The 38th Annual Texas Storytelling Festival was proof of the power of the spoken word

Experiencing the power of storytelling firsthand at the Texas Storytelling Festival in Denton

Featured storyteller Joe Hayes onstage at the 38th Annual Texas Storytelling Festival with ASL interpreter Joel Hill

There was a feeling of rich history and culture in the air that early afternoon. The audience was on the edge of its seat, united in anticipation of each word as storyteller after storyteller spun tales both heartfelt and hilarious. It was the power of the spoken word that brought people from all walks of life to the Denton Civic Center for a four-day festival to celebrate the richness and diversity of storytelling.

The 38th Annual Texas Storytelling Festival, hosted by the Tejas Storytelling Association (TSA), featured everything from ghost stories and lying contests to the kinds of cultural tales that storytellers pass down through the generations.

“I usually tell people, ‘You know how long it takes you to learn a story? From the day that you first think you would like to tell it to the last time in your life that you tell it, that’s how long it takes you to really learn the story,’” Joe Hayes said. Hayes, a specialist in Southwestern folktales and an award-winning author who’s published more than 25 children’s books, was one of the five storytellers who took the stage at the festival’s featured storyteller concerts.

The concerts provided attendees the chance to see masters of the art of storytelling at work. Tellers who have spent years refining their skills and stories, reciting tales that are both unique to their individual heritage and representative of common shared experiences, all while still continuing to “learn” those stories themselves as Hayes noted.

Bernadette Nason, another award-winning featured teller and an actress, author and voiceover artist, explained that stories evolve from the time they’re written on paper to when they’re first told to the audience.

“It’s different every time,” Nason said of telling a story. What doesn’t change though is the skill of the storyteller or the unique qualities they bring to a telling.

Bernadette Nason was the first featured storyteller at the concert

“It’s an expression of who you are,” Hayes said of the art of storytelling.

That expression extends beyond true stories, like Nason’s description of her unexpected culture shock upon arriving in Texas armed only with British perceptions of the state, into the realm of fiction that the four other featured tellers chose to enter.

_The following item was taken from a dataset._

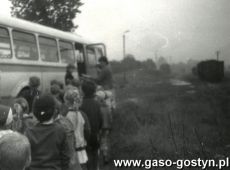 7211.Dzieci z Przedszkola nr 2 w Gostyniu na stacji kolejowej w Goli w dalsza podroz udaly sie autobusem (15 maja 1986 r.)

Professional singer and songwriter Colin Urwin’s Irish folklore made way for nationally recognized teller Sheila Arnold’s historically recognizable Southern fairy tale. Traditional Appalachian and Southwestern sensibilities comprised the concert’s final two performances as longtime festival advisor and organizer Elizabeth Ellis took the stage followed by Hayes, whose fictional tale of a Southern childhood upbringing ended the performance with a lighthearted twist.

All those stories varied wildly in tone based on the teller. Urwin, for example, mixed song and dramatic prose for his legend of an Irish fisherman’s mysterious new partner. It was a rivetingly engrossing performance, almost as if a fellow fisherman was on stage telling the tale.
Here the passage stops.